Pernyataan inipun banyak dijadikan bahan candaan. Ada juga netizen yang bersyukur karena merasa dirinya tidak good looking, tetapi bad looking, ya saya salah satunya hehe.
Menag juga tak sadar, bahwa pernyataan tersebut berpotensi memberi pengaruh negatif ke sektor perekonomian. Banyak anak muda yang tengah berusaha memperbaiki penampilan fisiknya menjadi good looking.
Ada yang memakai make-up. Ada yang memakai sabun kecantikan. Yang jelas memakai produk-produk perawatan tubuh demi penampilan OK yang ujungnya memberi kepercayaan diri.
Nah, bila Menag berkata seperti itu, bisa jadi yang tadinya merawat tubuhnya dengan berbagai produk perawatan dan kecantikan secara rutin, tiba-tiba akan berhenti di tengah jalan. Mereka takut bila hasilnya membuat wajah dan penampilan mereka menjadi good looking, yang akhirnya membuat mereka dicurigai ketika masuk masjid.
Efeknya, para pedagang produk kecantikan dan perawatan tubuh akan mengalami penurunan pendapatan karena konsumennya takut. Pedagang bisa merugi, ekonomi memburuk. Loh, jadi merembet kemana-mana to?
Saya pribadi tak terlalu menganggap serius pernyataan tersebut, ya cukup senyum lucu saja, hehe. Bukankah sudah biasa Menteri seperti Bapak Fachrul Razi mengeluarkan pernyataan kontroversial atau blunder?
Bila pembaca ingat, dulu beliau pernah membuat pernyataan untuk melarang ASN memakai cadar dan celana cingkrang di lingkungan pemerintahan. Sadar hal itu memicu kegaduhan dan kecaman, sehari kemudian, Menag mengklarifikasi bahwa itu baru usulan belum keputusan.
"Demi alasan keamanan. Apalagi kejadian Pak Wiranto yang lalu," kata Menag Fachrul Razi soal alasan pelarangan cadar dan celana cingkrang di lingkungan ASN pada Rabu (30/10/2019) dikutip dari Tirto.
Nah, kasus anak good looking yang masih hangat ini bisa berakhir seperti pernyataan cadar dan cingkrang. Bisa jadi, dalam beberapa hari ini akan ada klarifikasi dari pernyataan tersebut, kan Menteri kita juga sudah biasa saling klarifikasi, hehe.
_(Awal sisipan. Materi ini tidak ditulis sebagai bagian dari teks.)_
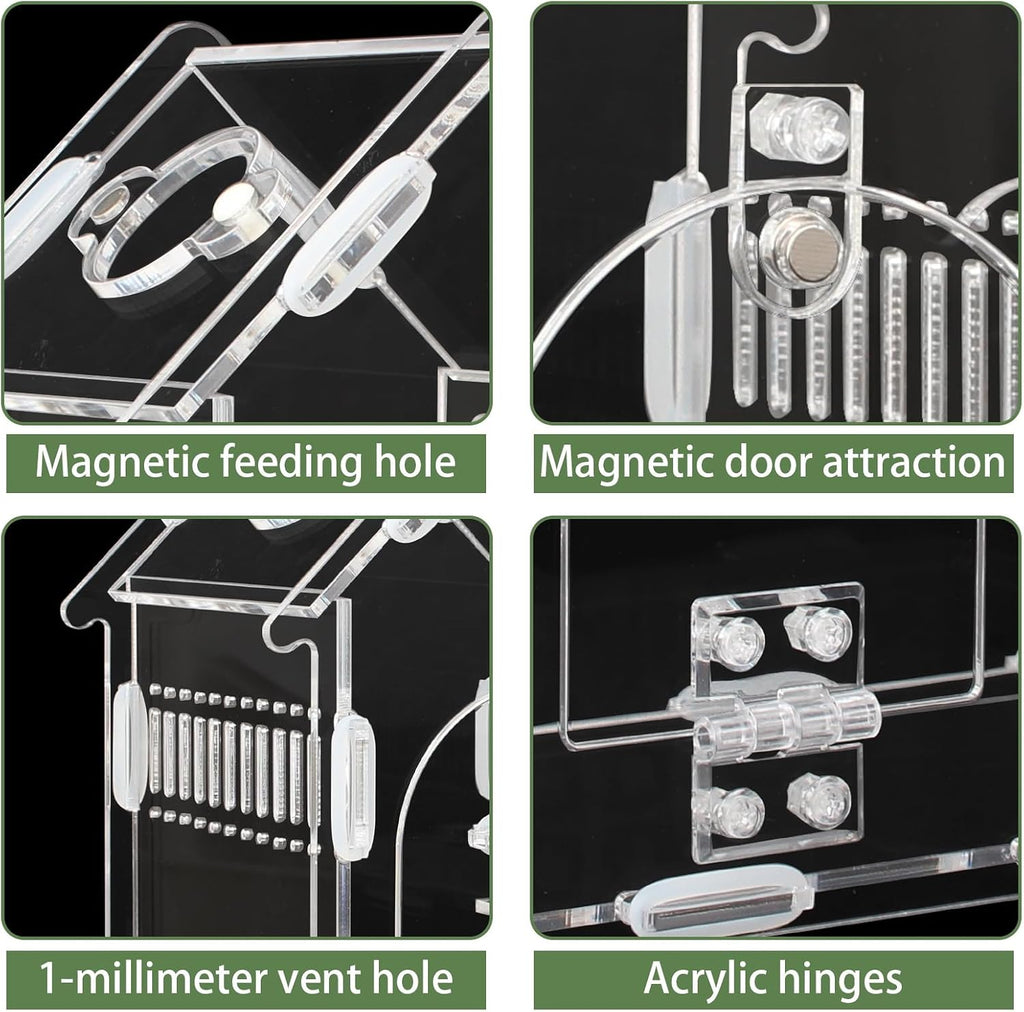Acrylic Jumping Spider Enclosure Magnetic Lock Terrarium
Kembali lagi, ketimbang mengurusi pernyataan anak good looking berpotensi menyebar paham radikal, saya lebih geram ketika Menag menyebut hafiz sebagai salah satu penyusup yang menyebarkan paham radikal di masjid. Menurut hemat saya, pernyataan ini menunjukkan kurangnya kapasitas Fachrul Razi sebagai Menag.
Kita perlu paham dulu apa itu hafiz dan poin apa yang menjadikan seseorang layak menyandang gelar hafiz Alquran. Jangan sampai salah kaprah seperti Menag.
Dikutip dari nu.or.id, Kiai Ahmad Kanzul Fikri (Gus Fikri) berpendapat bahwa penyebutan penghafal Alquran di Indonesia masih salah. Penghafal Alquran disebut hafiz (untuk laki-laki) atau hafizah (untuk perempuan), padahal yang tepat adalah hamilul quran.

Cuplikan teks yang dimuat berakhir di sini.